(i) To express \(f(x)\) in the form \(A + \frac{B}{x} + \frac{Cx + D}{x^2 + 2}\), perform partial fraction decomposition:

1. Set \(f(x) = \frac{3x^3 + 6x - 8}{x(x^2 + 2)} = A + \frac{B}{x} + \frac{Cx + D}{x^2 + 2}\).

2. Multiply through by \(x(x^2 + 2)\) to clear the denominators:

\(3x^3 + 6x - 8 = A(x^2 + 2) + B(x^2 + 2) + (Cx + D)x\).

3. Expand and collect like terms:

\(3x^3 + 6x - 8 = Ax^2 + 2A + Bx^2 + 2B + Cx^2 + Dx\).

4. Equate coefficients:

\(A + B + C = 3\)

\(D = 6\)

\(2A + 2B = -8\)

5. Solve the system of equations to find \(A = 3, B = -4, C = 4, D = 0\).

(ii) To show \(\int_1^2 f(x) \, dx = 3 - \ln 4\):

1. Integrate \(f(x) = 3 - \frac{4}{x} + \frac{4x}{x^2 + 2}\).

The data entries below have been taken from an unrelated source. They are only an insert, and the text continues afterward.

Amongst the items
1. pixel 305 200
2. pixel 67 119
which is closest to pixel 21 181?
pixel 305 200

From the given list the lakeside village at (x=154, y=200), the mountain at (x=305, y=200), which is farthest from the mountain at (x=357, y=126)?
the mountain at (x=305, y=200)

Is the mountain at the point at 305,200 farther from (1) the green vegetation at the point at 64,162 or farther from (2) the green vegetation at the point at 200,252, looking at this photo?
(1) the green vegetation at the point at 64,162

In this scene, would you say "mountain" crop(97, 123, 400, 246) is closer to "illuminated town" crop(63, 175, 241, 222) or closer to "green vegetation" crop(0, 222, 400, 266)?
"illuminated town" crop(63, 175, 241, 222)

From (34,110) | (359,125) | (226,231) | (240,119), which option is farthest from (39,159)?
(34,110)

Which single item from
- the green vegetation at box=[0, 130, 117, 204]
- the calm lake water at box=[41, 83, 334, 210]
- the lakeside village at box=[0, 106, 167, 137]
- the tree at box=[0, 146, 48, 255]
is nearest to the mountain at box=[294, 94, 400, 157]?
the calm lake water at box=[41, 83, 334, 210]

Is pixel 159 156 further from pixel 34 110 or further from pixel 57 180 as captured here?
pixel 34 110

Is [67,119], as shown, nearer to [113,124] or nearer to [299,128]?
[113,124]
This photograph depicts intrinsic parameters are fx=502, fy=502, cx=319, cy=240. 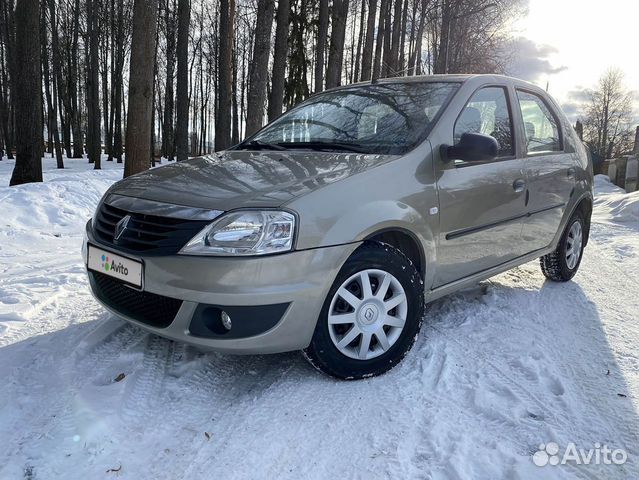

2. Integrate each term separately:

\(\int 3 \, dx = 3x\)

\(\int -\frac{4}{x} \, dx = -4 \ln |x|\)

\(\int \frac{4x}{x^2 + 2} \, dx = 2 \ln(x^2 + 2)\)

3. Evaluate from 1 to 2:

\(\left[ 3x - 4 \ln |x| + 2 \ln(x^2 + 2) \right]_1^2\)

4. Substitute the limits:

\((6 - 4 \ln 2 + 2 \ln 6) - (3 - 4 \ln 1 + 2 \ln 3)\)

5. Simplify to obtain \(3 - \ln 4\).